#### What this task involves:
Take from the entries below the stretch from the line with "markenlose party heute" through the line with "property at 15 N Windsor Ave", and return it exactly, leaving the pictures out.

***** Information supplied

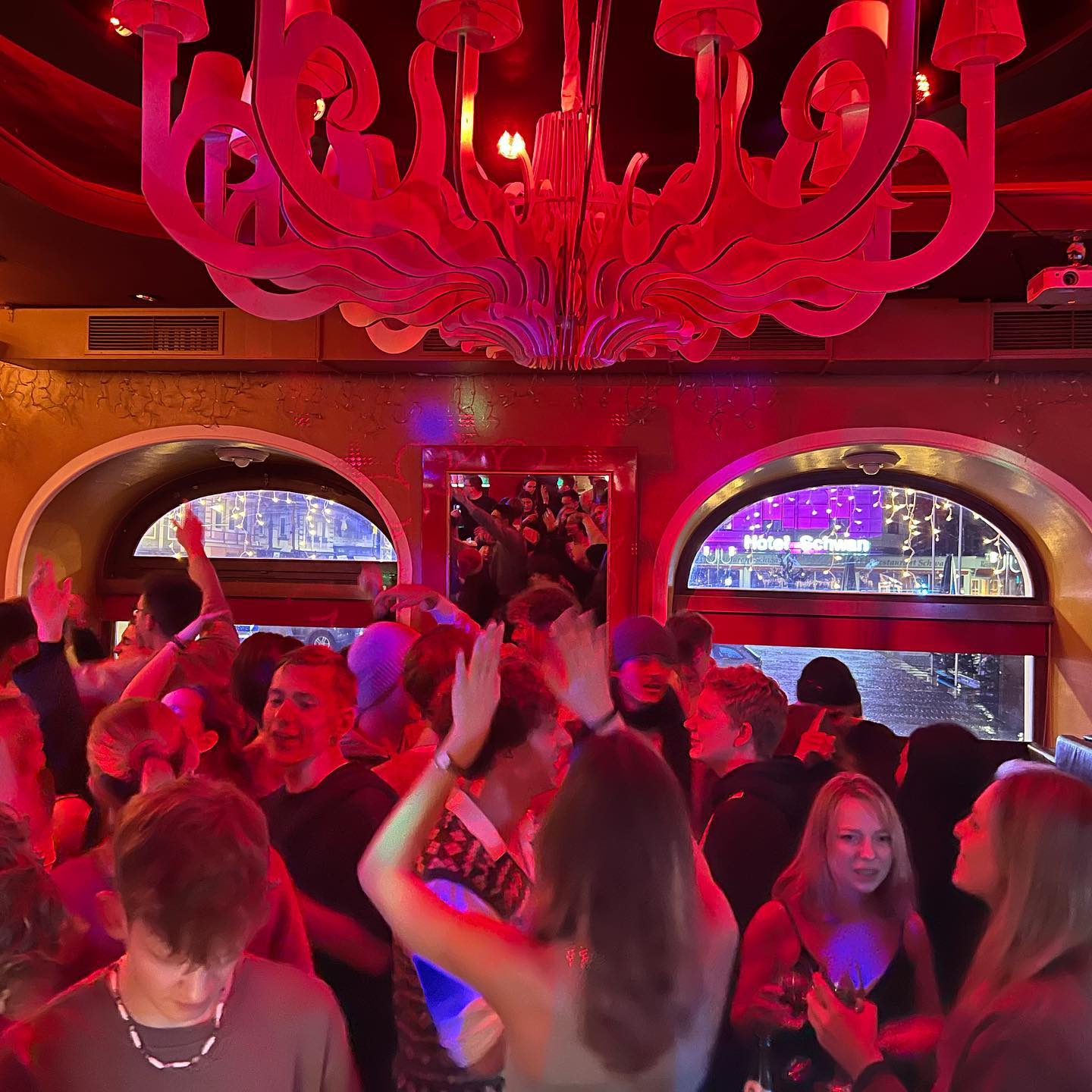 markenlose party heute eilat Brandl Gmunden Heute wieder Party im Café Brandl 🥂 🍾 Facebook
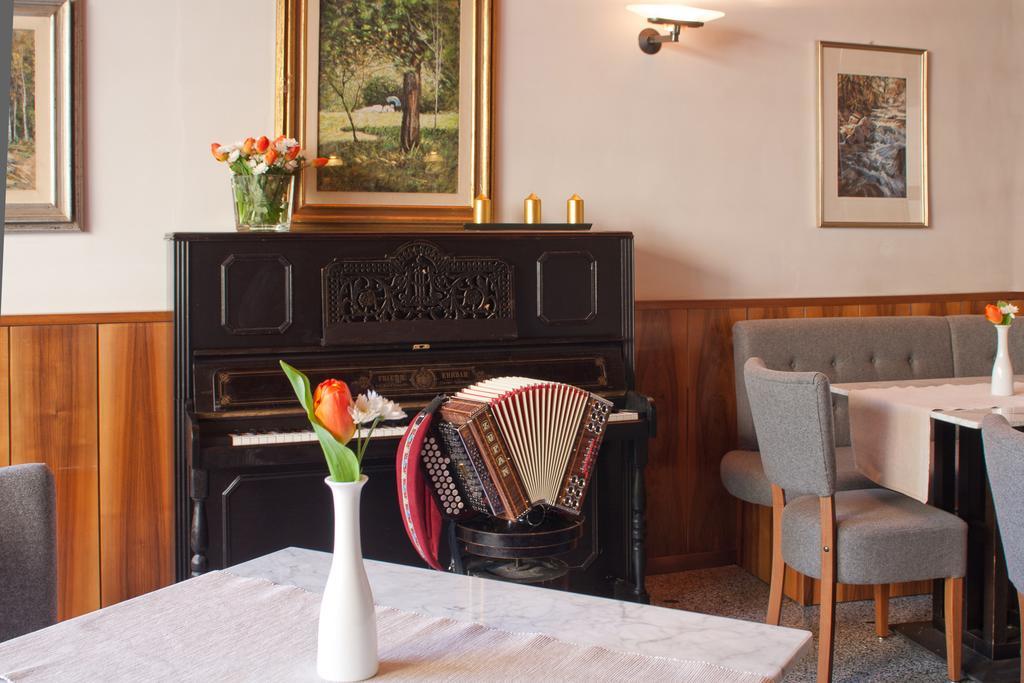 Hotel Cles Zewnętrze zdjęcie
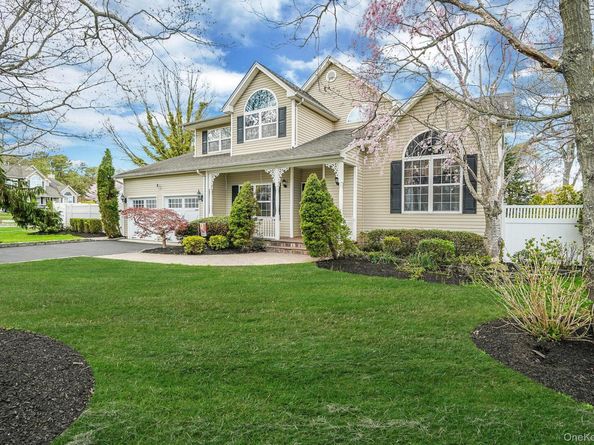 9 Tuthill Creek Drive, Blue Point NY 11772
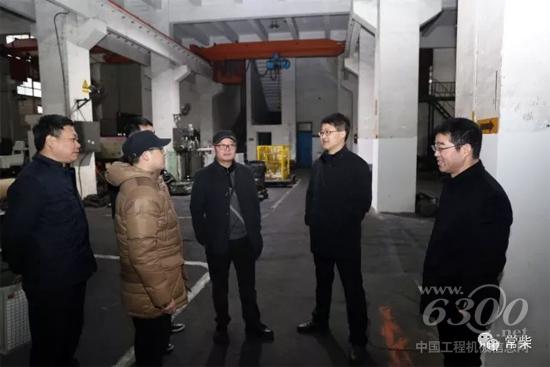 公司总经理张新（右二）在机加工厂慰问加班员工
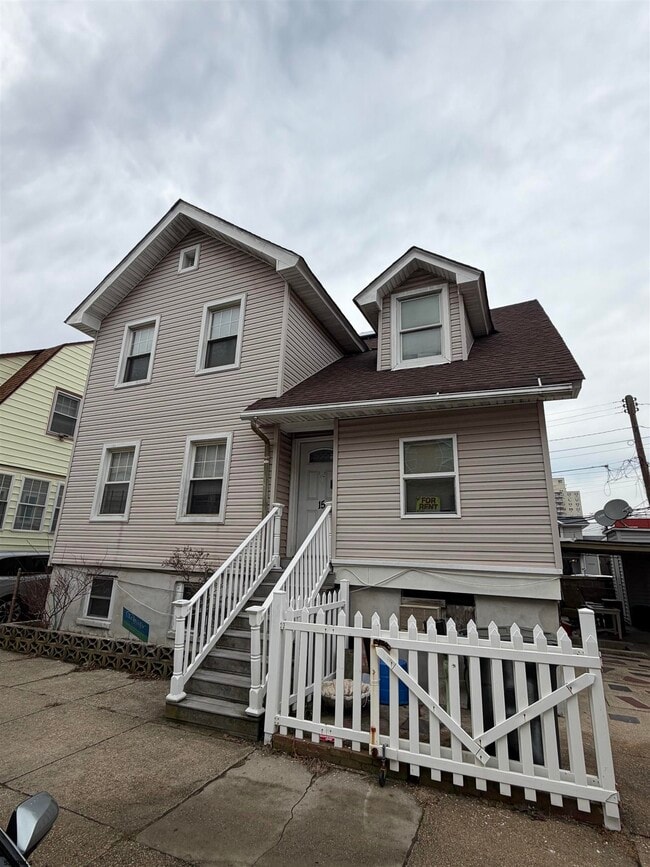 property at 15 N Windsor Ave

**********
***** Information supplied

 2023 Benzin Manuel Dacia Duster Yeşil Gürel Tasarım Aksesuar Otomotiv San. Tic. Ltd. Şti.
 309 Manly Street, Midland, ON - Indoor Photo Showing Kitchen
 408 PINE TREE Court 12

**********

#### Solution to this task:
 markenlose party heute eilat Brandl Gmunden Heute wieder Party im Café Brandl 🥂 🍾 Facebook
 Hotel Cles Zewnętrze zdjęcie
 9 Tuthill Creek Drive, Blue Point NY 11772
 公司总经理张新（右二）在机加工厂慰问加班员工
 property at 15 N Windsor Ave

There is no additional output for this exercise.